Southern Pacific posters.





Railroad lanterns.





Museum scene.







Model trains on the wall.





A model railroad.





Museum scene.





Maps of Mono and Inyo Countries.





Model trains.





Baggage cart full of luggage at the station.







Narrow gauge class T-44 Ten Wheeler (4-6-0) locomotive 9 was built by the Baldwin Locomotive Works in Philadelphia, Pennsylvania, in 1909 for the Nevada-California-Oregon (NCO) Railway in Reno. It was one of seven Ten Wheelers sold to the Southern Pacific by the NCO. In 1929, the engine was sold to the Southern Pacific where it was rebuilt and placed in service on the Owens Valley line, originally built as the Carson & Colorado Railroad, the following year.

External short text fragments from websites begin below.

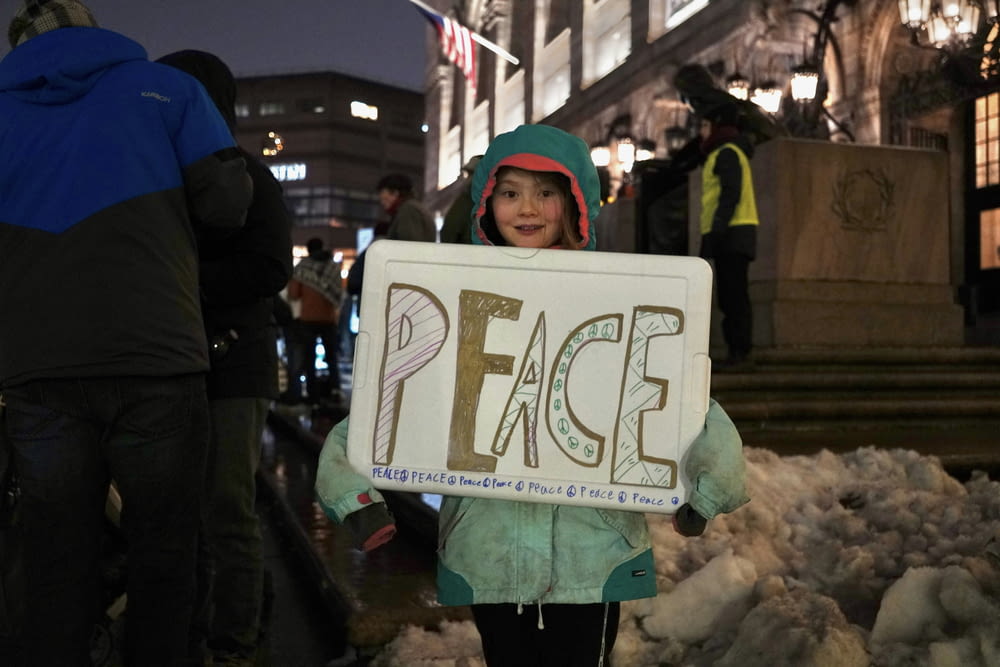 a little girl holding a sign that says peace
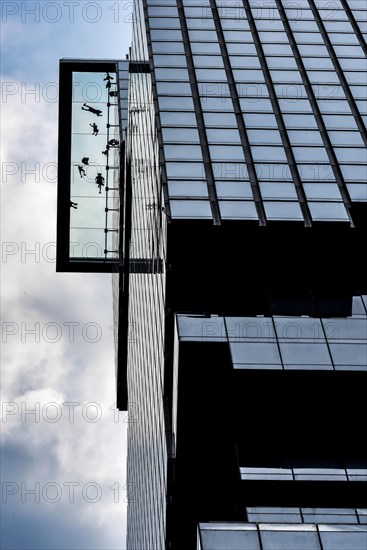 People standing on the glass floor of Maha Nakhon Tower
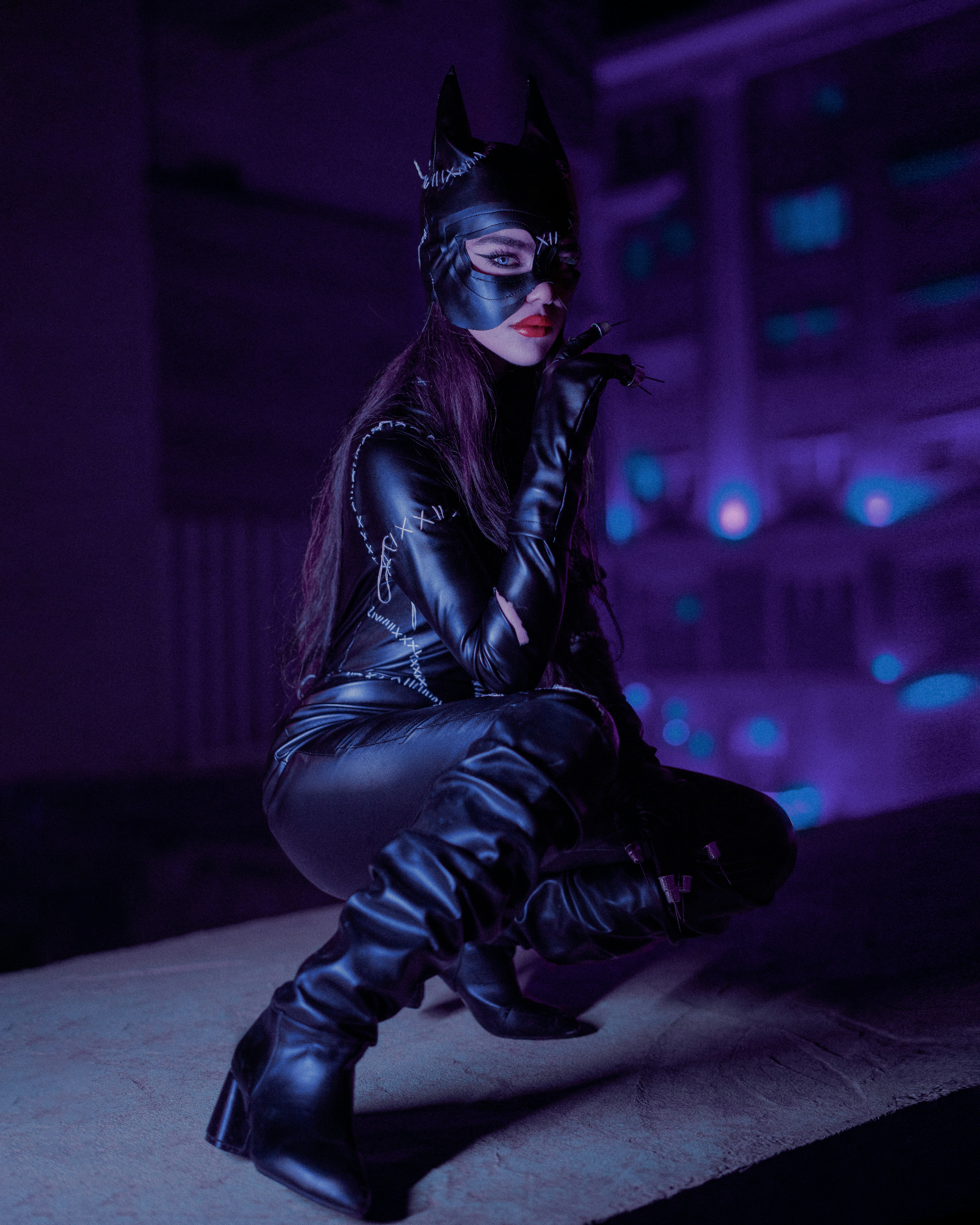 a woman dressed in a catwoman costume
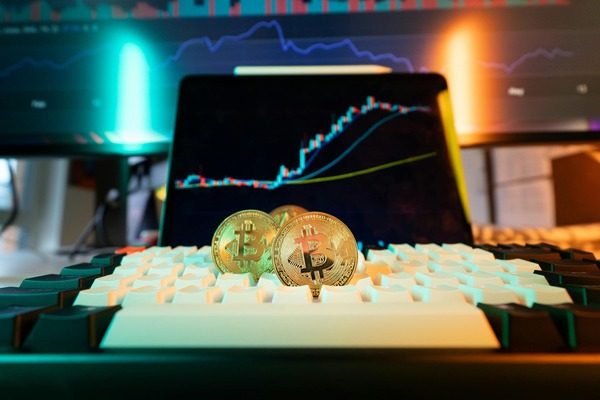 Crypto coins on a keyboard in front of a chart on a monitor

The locomotive, along with sisters 8 and 18, were nicknamed "The Slim Princess". The last narrow gauge common carrier made its final run on 29th April 1960. That year, the steam engine was donated to the City of Bishop, and it is now on display at the Laws Railroad Museum.





Southern Pacific gondola 339.





Southern Pacific stock car 166.





Southern Pacific box car 7 originally Carson and Colorado.





Southern Pacific box car 132.





Southern Pacific box car 17.





Museum views.





Section Foreman House built in 1883.





Southern Pacific crossbuck.





Ballast Tamper.





Wig[wag crossing signal.





Southern Pacific boxcar 67 built in 1875 for the Santa Cruz and Felton Railroad as a 24 foot 8 ton box car. It went to the South Pacific Coast Railroad as their 94 in 1881 and was converted in 1906 to SPC "boarding car" 24. The car was transferred to the Nevada and California Railroad as boxcar 431 in 1907 and rebuilt to a 28 foot 20 ton capacity in 1923, and renumbered to Southern Pacific 67 in 1946.





Southern Pacific box car 47, formerly Carson and Colorado.





Southern Pacific box car 3, formerly Carson and Colorado.







Southern Pacific box cars formerly Carson and Colorado.





Southern Pacific box car 45, formerly Carson and Colorado.





Southern Pacific box car 13, formerly Carson and Colorado.





Southern Pacific box car 5, formerly Carson and Colorado.





Laws Railroad Museum Birthday Express.





The engine house where Death Valley Railroad Brill car 5 is kept; the only narrow gauge model 55 motorcar in existance.





Oil tank and water tower.







Carson and Colorado Gallows type Armstrong turntable used in narrow gauge operations until 1960 and built circa 1911.





Museum view.





An original Laws water well.





The Laws water tower.





The oil tank.





Oil pump house.





A maintenance crane.





An unusual caboose body.





Narrow gauge flat car 26.





An old time wheel press.





Poleta Mining and Milling building.





A Big Sled. With that, Elizabeth and I visited the gift shop where she brought museum pins. We then drove the short distance to Bishop and checked into the Days Inn and I wrote this story before we went to Carl's Junior for dinner. Elizabeth walked back and I started my usual checking of e-mail and the Internet.